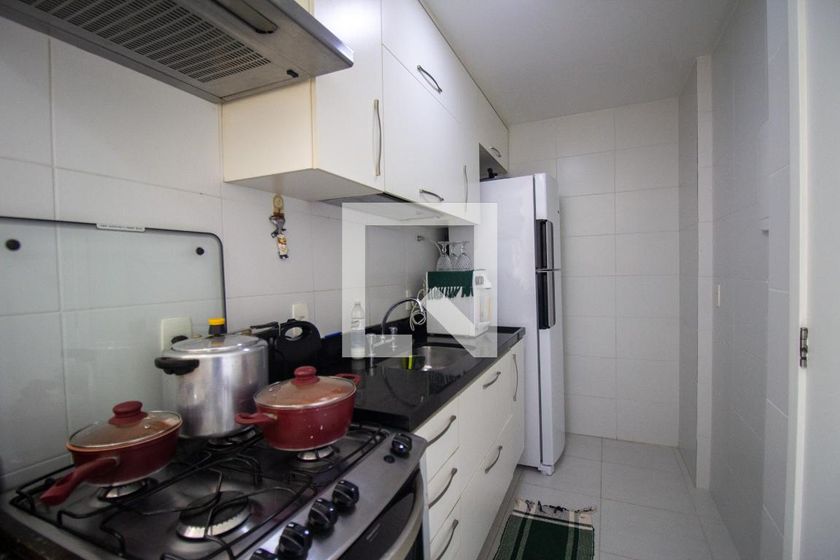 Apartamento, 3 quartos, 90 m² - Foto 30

---

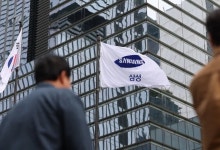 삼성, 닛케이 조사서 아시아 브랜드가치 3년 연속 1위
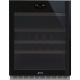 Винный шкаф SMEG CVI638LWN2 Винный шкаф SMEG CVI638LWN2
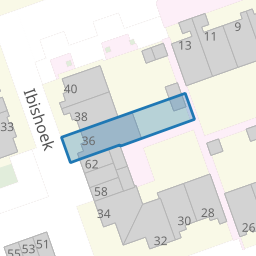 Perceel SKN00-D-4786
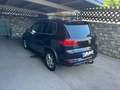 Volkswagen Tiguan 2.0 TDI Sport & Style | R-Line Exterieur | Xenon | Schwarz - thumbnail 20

--

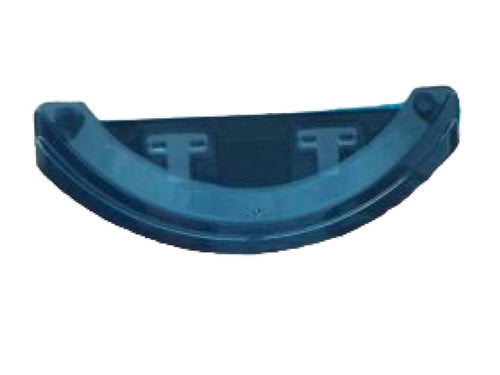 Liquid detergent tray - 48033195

[EXERCISE]
Beginning with the line above that has "삼성, 닛케이 조사서 아시아 브랜드가치 3년 연속 1위" and going on through the line that has "Volkswagen Tiguan 2.0", retype every line exactly and add nothing else; drop the pictures.

[SOLUTION TO THE PROBLEM]
 삼성, 닛케이 조사서 아시아 브랜드가치 3년 연속 1위
 Винный шкаф SMEG CVI638LWN2 Винный шкаф SMEG CVI638LWN2
 Perceel SKN00-D-4786
 Volkswagen Tiguan 2.0 TDI Sport & Style | R-Line Exterieur | Xenon | Schwarz - thumbnail 20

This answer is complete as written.